Supplied material
◇ ◇ ◇ ◇ ◇
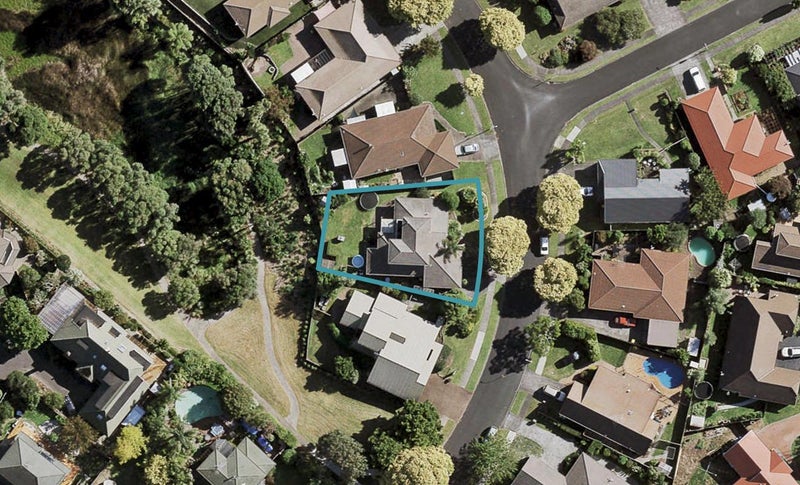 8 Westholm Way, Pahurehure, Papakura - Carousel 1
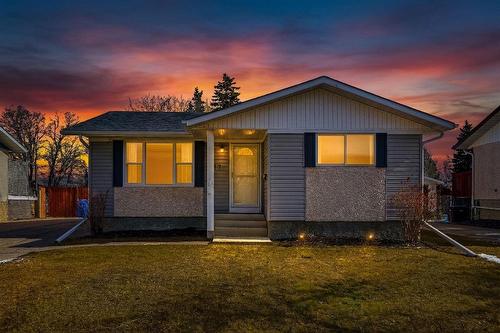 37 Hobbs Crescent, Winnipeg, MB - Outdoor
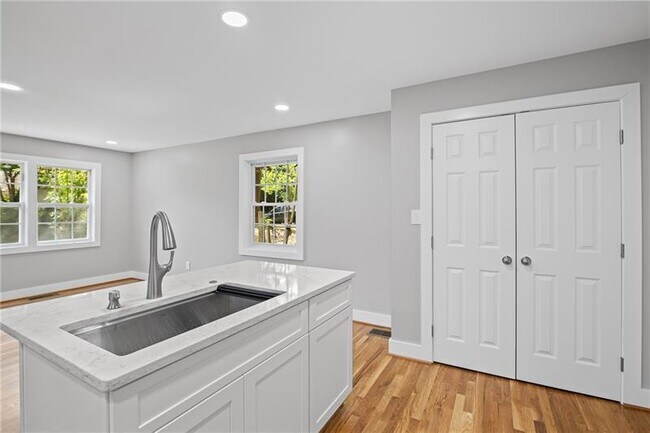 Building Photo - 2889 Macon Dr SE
◇ ◇ ◇ ◇ ◇
To do
Apart from its pictures, the material above should be repeated exactly.

Solution for this task
 8 Westholm Way, Pahurehure, Papakura - Carousel 1
 37 Hobbs Crescent, Winnipeg, MB - Outdoor
 Building Photo - 2889 Macon Dr SE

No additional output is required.